What you will do >> In the entries below, find the line containing "0f28073f07c7ebcce30a43eb556772ca.jpeg Anker Soundcore" and the line containing "Homelike Suites In". Copy those two lines and everything between them exactly, without the pictures.
═════ Materials provided ═════
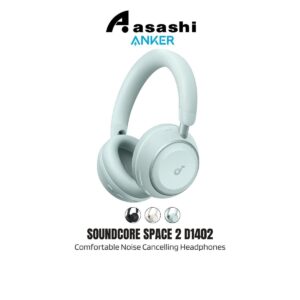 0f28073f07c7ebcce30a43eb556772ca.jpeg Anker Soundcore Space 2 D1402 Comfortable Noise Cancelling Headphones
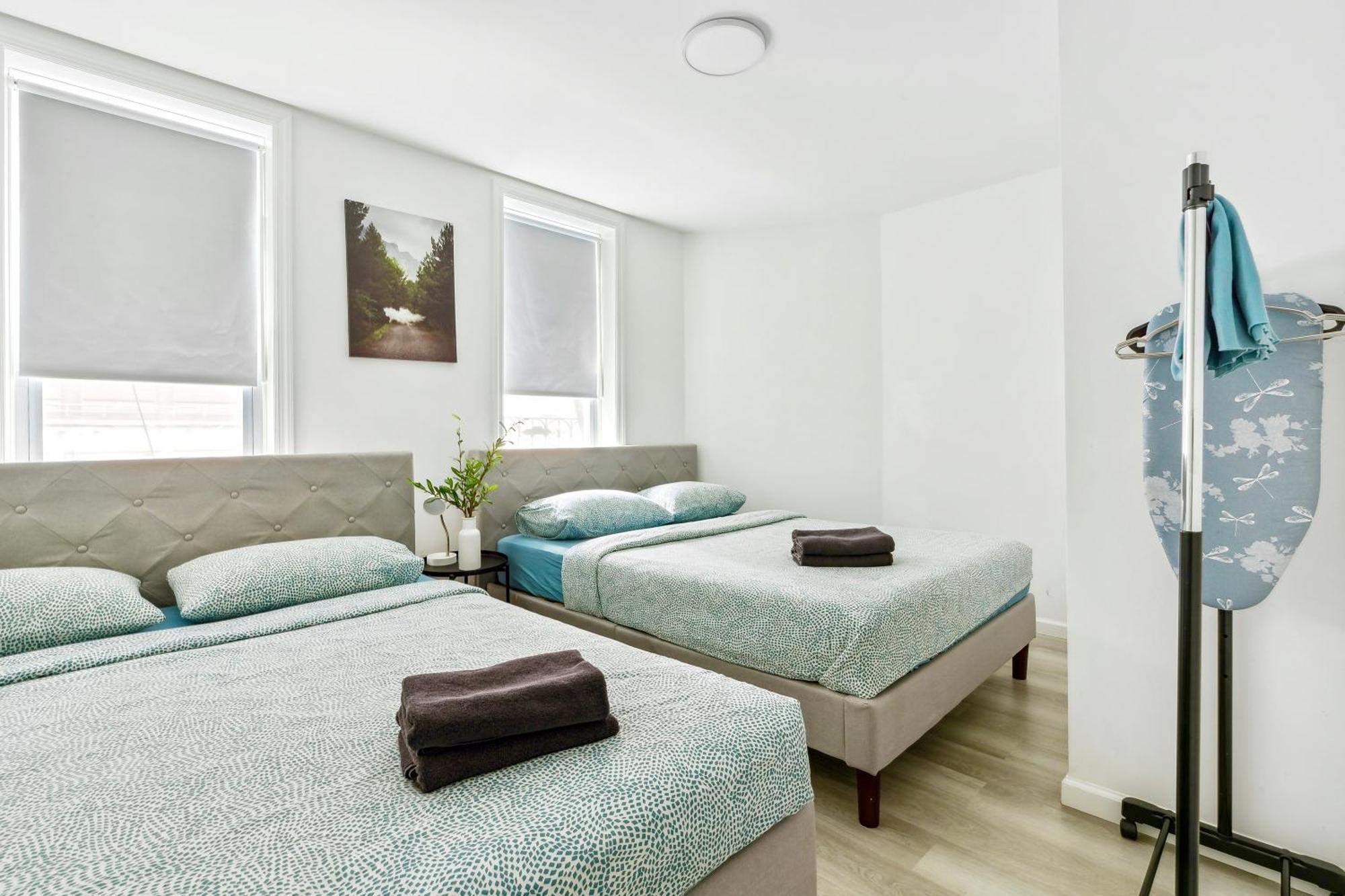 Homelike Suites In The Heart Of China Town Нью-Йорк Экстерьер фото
═════
═════ Materials provided ═════
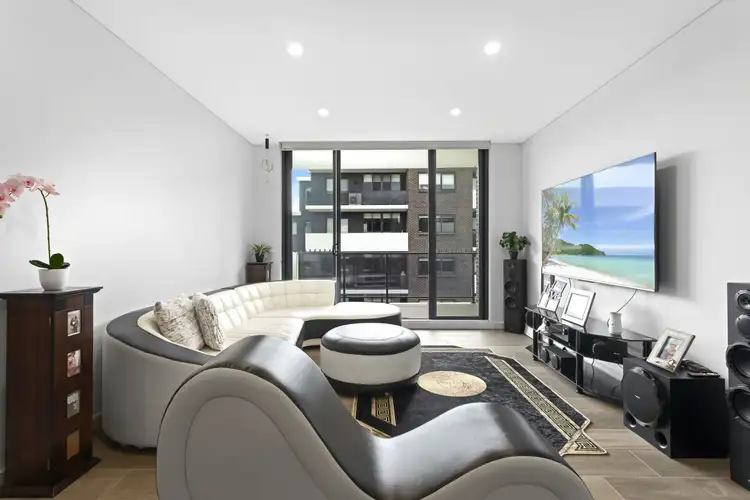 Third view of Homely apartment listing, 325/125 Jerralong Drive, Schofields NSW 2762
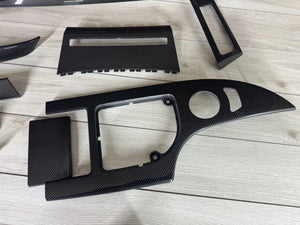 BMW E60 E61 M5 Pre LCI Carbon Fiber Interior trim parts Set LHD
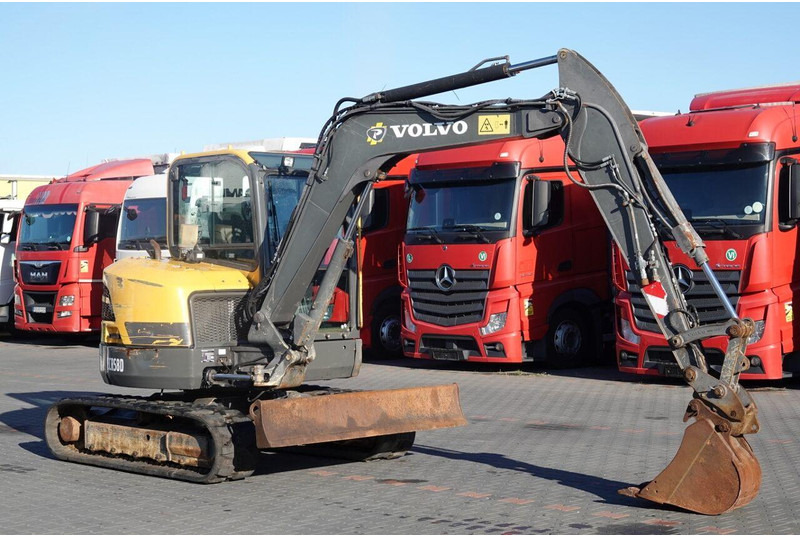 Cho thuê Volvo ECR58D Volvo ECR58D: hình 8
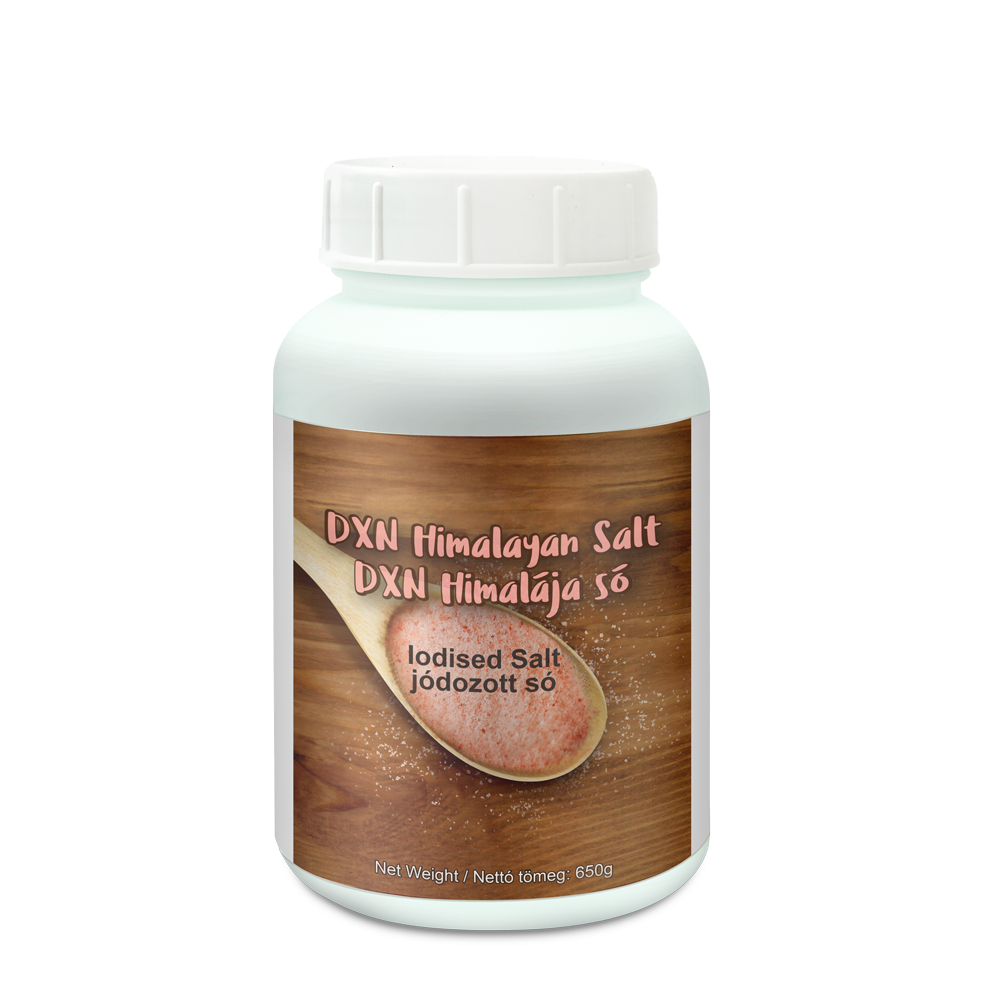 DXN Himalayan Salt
═════
Response to this task >>
 0f28073f07c7ebcce30a43eb556772ca.jpeg Anker Soundcore Space 2 D1402 Comfortable Noise Cancelling Headphones
 Homelike Suites In The Heart Of China Town Нью-Йорк Экстерьер фото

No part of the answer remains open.